Module 1: PyTorch Core - I see tensors everywhere

Here we unveil the truth: the cosmos is a writhing mass of tensors awaiting our manipulation. Grasp them well—for they are the bedrock of every grand scheme to come!

This module dives into the fundamental components of PyTorch, essential for any deep learning task.
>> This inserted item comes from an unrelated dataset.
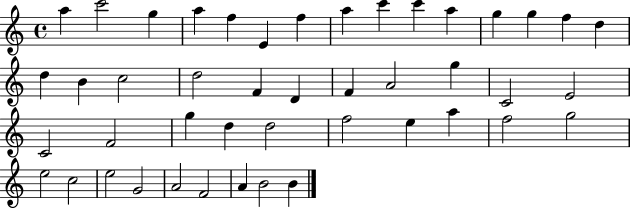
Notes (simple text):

A5/q C6/h G5/q A5/q F5/q E4/q F5/q A5/q C6/q C6/q A5/q G5/q G5/q F5/q D5/q D5/q B4/q C5/h D5/h F4/q D4/q F4/q A4/h G5/q C4/h E4/h C4/h F4/h G5/q D5/q D5/h F5/h E5/q A5/q F5/h G5/h E5/h C5/h E5/h G4/h A4/h F4/h A4/q B4/h B4/q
1.1 Tensors: The Building Blocks

What you will learn:

  1. Tensor Concept. What is a tensor? Tensor vs. Matrix. Mathematical vs. PyTorch interpretation. Why tensors are crucial for ML
  2. PyTorch Basics: Tensor creation and their attributes (dtype, shape, device).
  3. Tensor manipulation: Indexing, Slicing, Joining (torch.cat, torch.stack), Splitting. Manipulating tensor shapes (reshape, view, squeeze, unsqueeze, permute, transpose).

1.1 Lessons:

  1. Summoning Your First Tensors - Conjure tensors from void, inspect their properties, revel in their latent might (with a bit of help from torch.randn, torch.zeros, torch.ones, torch.arange, torch.linspace etc).
  2. Tensor Shape-Shifting & Sorcery - Slice, squeeze, and permute dimensions until reality warps to your whims (with a bit of help from torch.cat, torch.stack, torch.split, torch.reshape, torch.view, torch.squeeze, torch.unsqueeze, torch.permute, torch.transpose etc).
  3. DTypes & Devices: Choose Your Weapons - Select precision and hardware like a seasoned archmage choosing spell components, under the hood of torch.float, torch.float16, etc.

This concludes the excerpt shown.